The Whispering: A Haunted House Mystery

So without wishing to appear conceited, I will tell you, my unknown reader, that I only ever stole the very best. Almost always I was successful in my work, and at times I was even quite rich. There were other times, of course. Times when I had to flee a house or a city – once an entire country – for fear of creditors. As well as creditors there are other unpleasant people – the English have the word bailiffs for them, and they are a disagreeable species who actually move into one’s home and summarily remove possessions to pay one’s debts. I always avoided the ignominy of actually coming face to face with them, but there were occasions when I only avoided it by resorting to such ploys as climbing out of a window, or pretending to be an uncomprehending servant of the household. Once I feigned sickness, although on that occasion I narrowly escaped being taken to an infirmary where God knows what could have happened.

So I have been poor and I have been rich, and I prefer infinitely to be rich, for I have a great fondness for the good things of life. Well-cut clothes, silk shirts, good food and wine and a comfortable – if possible, luxurious – house or apartment in which to live. I like dining in the homes of the wealthy and influential, and I also enjoy the company of ladies whose lives allow them – by which I mean give them enough leisure – to be beautiful. Here I should make it clear that although I have bought many lovely things and stolen many more, I have never bought or stolen ladies. The many enjoyable associations I have formed have been entirely of the ladies’ free choice. I will admit to having a weakness for raven-haired, porcelain-skinned ladies, preferably of impeccable lineage. But I am a gentleman and I do not give names.

This weakness, however, made my association with Leonora Gilmore all the more surprising and also unexpected, since Leonora possessed none of those attractions. A strange little creature, with a face like a pixie from some painting depicting a fantastical scene. I once arranged for what I like to call the transfer of a Hans Makart painting – I think it was called Titania’s Wedding Feast or something similar – in which one of the attendant sprites resembled Leonora so greatly, she might have sat as a model for the painting. She did not, of course; apart from the fact that Makart was painting long before Leonora was born, her own upbringing would have stopped her. I never met her parents, but I formed an opinion of repression and coldness.

I would have liked you, thought Michael, coming briefly up out of the narrative.
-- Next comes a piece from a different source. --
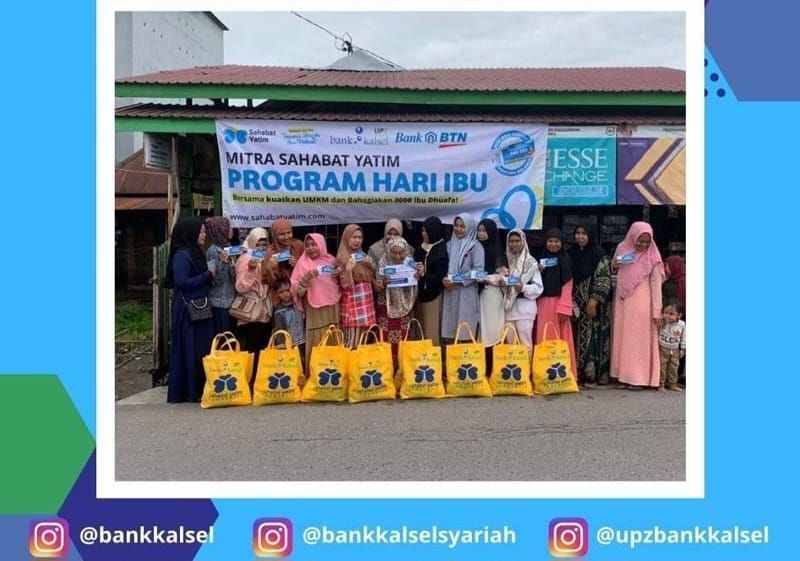 Momen Hari Ibu, UPZ Bank Kalsel Serahkan Bantuan Paket Sembako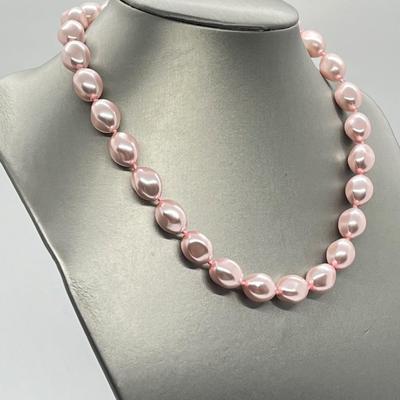 LOT 70: Majestic Pink Simulated Pearl Adjustable Necklace - 18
Even though you were clearly a roaring snob and it doesn’t sound as if you had a moral to your name, whoever you were, I still think I’d have liked you. What your journal is doing in an English house in the twenty-first century though, I can’t imagine. But you knew Leonora – God knows how or where, but you did, and on that score alone I need to find out more about you.

He read on:

I have made something of what people would call a speciality in my work. The occasional painting, certainly, but more particularly the small and the exquisite. Silver snuffboxes, enamelled patch-boxes, jade figurines. Jewellery, of course. Icons, naturally.

One of my more cherished memories is of a visit to an exhibition of religious icons in Moscow. I had gone there in a professional capacity – which is to say I intended to liberate at least four of the choicest icons – and I had several discerning clients (I prefer to call them clients) eagerly awaiting them. None of the clients knew, not with any certainty, that I stole the objects they so greedily purchased, but most of them must have guessed. However, they all knew that if they were to inform the—

Michael had not been able to find an exact translation for the next word, but he thought it was a reasonably safe bet that it was intended to convey police, or the equivalent.

—it would have meant the end of their supply of jewellery and beautiful objects. More to the point, it would also have meant the end of my career and a sojourn in prison.

I found it very useful that in old Russia – by which I mean the Russia of the Mongols, the land of the Firebird – it had never been customary to sign icons. That often meant there was no provenance. My grandfather always held that if a piece did not have a provenance, then all that was needed was to create one for it, and the more exotic, the better. My father specialized in stealing jewellery, but my grandfather was a very good forger and he taught me something of the craft. He was also extremely skilled at replacing genuine artefacts with his own creations. If you’ve ever been in the Hermitage Museum in St Petersburg, (although now we have to say Petrograd), and stood in front of a certain portrait with, let us say, Tzarist connotations … Let’s just say he fooled a great many people, my grandfather.

But that evening at the icons exhibition, as I walked through the warm, perfumed rooms, I overheard someone say to a companion, ‘A beautiful exhibition. Some very rare pieces.’

The companion replied, half serious, half jocular, ‘Let’s hope Iskander hasn’t heard about this evening’s display.’

The other man said, curiously, ‘Is that his real name?’

‘God knows. I’ve heard he has several aliases. They say he switches names to suit whatever villainy he’s currently engaged in. But whether he’s called Alexei Iskander or something else entirely, if he knew about tonight he’d have cleared most of the rooms inside ten minutes, and our exhibition would be over.’

I didn’t clear the rooms, but I did appropriate six icons, all of them beautiful, all of them highly valuable, although the speaker was wrong about the time it took me. It was a little under eight minutes.

And so I come to the real start of my story, which begins in the disastrous year of 1914.